Advances in graph machine learning (ML) have been driven by applications in chemistry as graphs have remained the most expressive representations of molecules. While early graph ML methods focused primarily on small organic molecules, recently, the scope of graph ML has expanded to include inorganic materials. Modelling the periodicity and symmetry of inorganic crystalline materials poses unique challenges, which existing graph ML methods are unable to address. Moving to inorganic nanomaterials increases complexity as the scale of number of nodes within each graph can be broad ($10$ to $10^5$). The bulk of existing graph ML focuses on characterising molecules and materials by predicting target properties with graphs as input. However, the most exciting applications of graph ML will be in their generative capabilities, which is currently not at par with other domains such as images or text. We invite the graph ML community to address these open challenges by presenting two new chemically-informed large-scale inorganic (CHILI) nanomaterials datasets: A medium-scale dataset (with overall >6M nodes, >49M edges) of mono-metallic oxide nanomaterials generated from 12 selected crystal types (CHILI-3K) and a large-scale dataset (with overall >183M nodes, >1.2B edges) of nanomaterials generated from experimentally determined crystal structures (CHILI-100K). We define 11 property prediction tasks and 6 structure prediction tasks, which are of special interest for nanomaterial research. We benchmark the performance of a wide array of baseline methods and use these benchmarking results to highlight areas which need future work. To the best of our knowledge, CHILI-3K and CHILI-100K are the first open-source nanomaterial datasets of this scale -- both on the individual graph level and of the dataset as a whole -- and the only nanomaterials datasets with high structural and elemental diversity.

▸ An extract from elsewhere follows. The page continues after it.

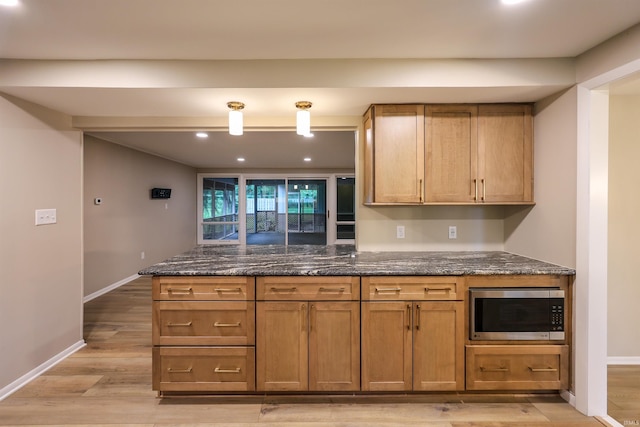 5219 Forest Grove Dr, Fort Wayne, IN 46835 - kitchen featuring stainless steel microwave, light wood-style floors, dark stone counters, brown cabinets, and recessed lighting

翻译：图机器学习的最新进展得益于化学领域的应用，因为图结构始终是分子最具表现力的表征方式。早期的图机器学习方法主要聚焦于小分子有机物，而近年来其研究范围已扩展至无机材料领域。无机晶体材料的周期性与对称性建模对现有图机器学习方法构成了独特挑战。转向无机纳米材料后，由于每个图结构中的节点数量范围可从10到10^5，导致复杂度显著提升。现有图机器学习主要基于图输入预测目标属性来表征分子与材料，但最具前景的应用在于其生成能力——当前该领域的发展水平尚不及图像或文本等方向。我们通过提出两个新型化学信息指导型无机纳米材料数据集（CHILI）来推动相关研究突破：中型数据集（总节点数超600万，边数超4900万）包含基于12种选定晶体类型生成的单金属氧化物纳米材料（CHILI-3K），大型数据集（总节点数超1.83亿，边数超12亿）则包含基于实验测定晶体结构生成的纳米材料（CHILI-100K）。我们定义了11项性质预测任务与6项结构预测任务，这些任务对纳米材料研究具有特殊价值。通过对比多种基线方法的性能，我们揭示了当前技术亟需突破的关键方向。据我们所知，CHILI-3K与CHILI-100K是首个达到此规模的开源纳米材料数据集（无论是单图层级还是整体数据集规模），也是唯一兼具高结构多样性与元素多样性的纳米材料数据集。